For Web of Science the query will be “TS=(‘Medical Informatics Applications’ OR (medical AND informatics AND applications)) AND TS=((Deprescriptions OR deprescription OR deprescribing OR ‘Inappropriate Prescribing’ OR (inappropriate AND prescribing*) OR (inappropriate AND prescription*) OR (over* AND prescribing*)) OR ‘medication errors’ OR (error* AND medication) OR (drug AND use AND error*) AND TS=(‘clinical decision support systems’ OR (clinical AND decision AND support*) OR decision making, computer-assisted [MeSH Terms] OR (computer AND assisted AND decision AND making) OR (medical AND computer AND assisted AND decision AND making) OR ‘medical order entry systems’ OR (medical AND order entry systems) OR (medications AND alert AND systems) OR ‘computorized physician order entry systems’ OR ‘computorized provider order entry systems’ OR ‘computorized physician order entry’ OR ‘computorized provider order entry’).”
Study selection process
The selection process procedure will be made by two reviewers following several steps.

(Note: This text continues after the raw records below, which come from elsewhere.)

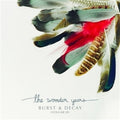 Wonder Years – Burst & Decay (Volume Iii)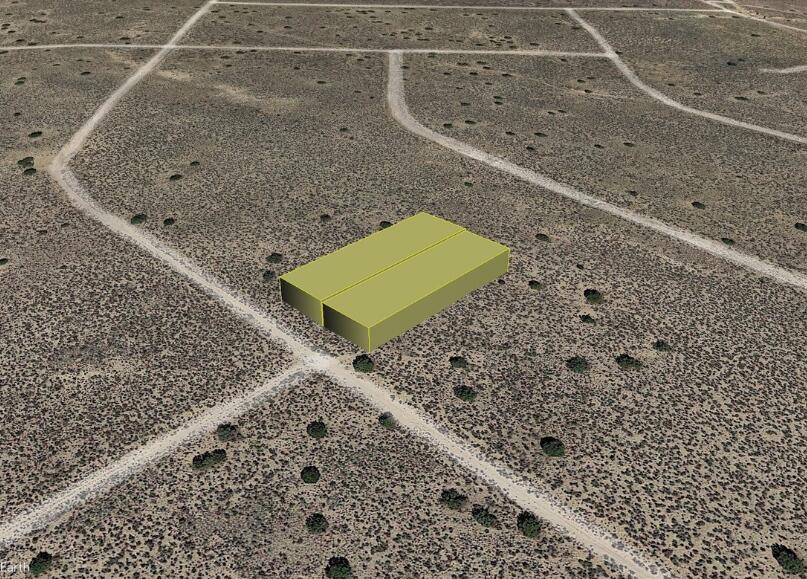 Wooden (U20 B56 L27, 28) Road NE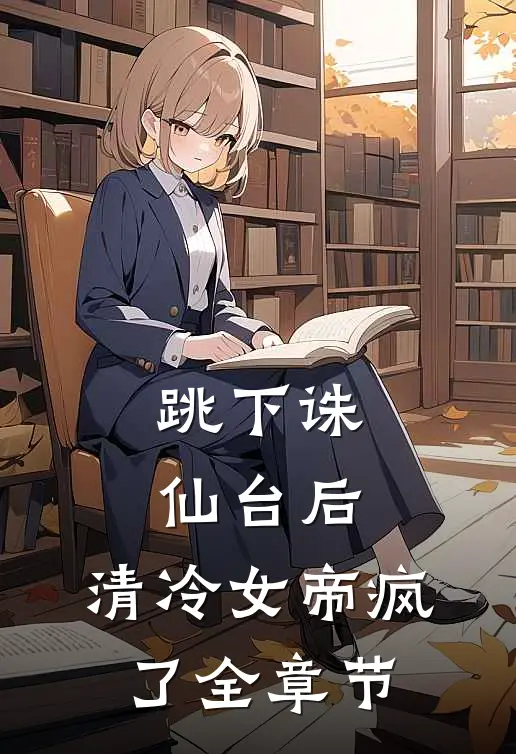 跳下诛仙台后，清冷女帝疯了全章节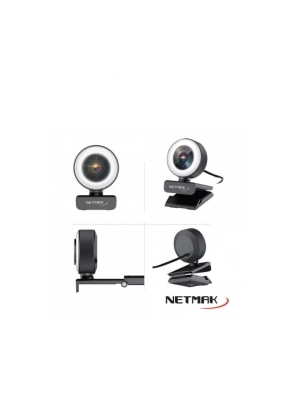 Camara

First, they will independently review the title and abstract of each reference. Each one will be categorised into either relevant, unsure or irrelevant. If a reference is considered irrelevant by the two authors it will be eliminated.
In the next phase, the two authors will review the full text of the remaining references and each one will independently select which articles should be included.
The two authors will compare their selected articles and discuss any disagreement in each phase.
If the two reviewers cannot reach an agreement all the authors of the paper will make the final decision.
Data extraction and management
Once the articles to be included are selected, data will be extracted and entered into data sheets independently by two reviewers. These two sheets, including their differences, will be checked by a third reviewer.
The following information will be extracted from each article: (1) study characteristics, intervention type; type of study; country, setting, follow-up duration; (2) participants’ number and age; and (3) clinical outcomes. The primary outcome to be considered is the effect of intervention on withdrawal of potentially inappropriate medications (discontinuation rate). The authors will give priority to the following outcomes, by order of importance: mortality, hospitalisation, any reported adverse drug withdrawal effects and quality of life measurements.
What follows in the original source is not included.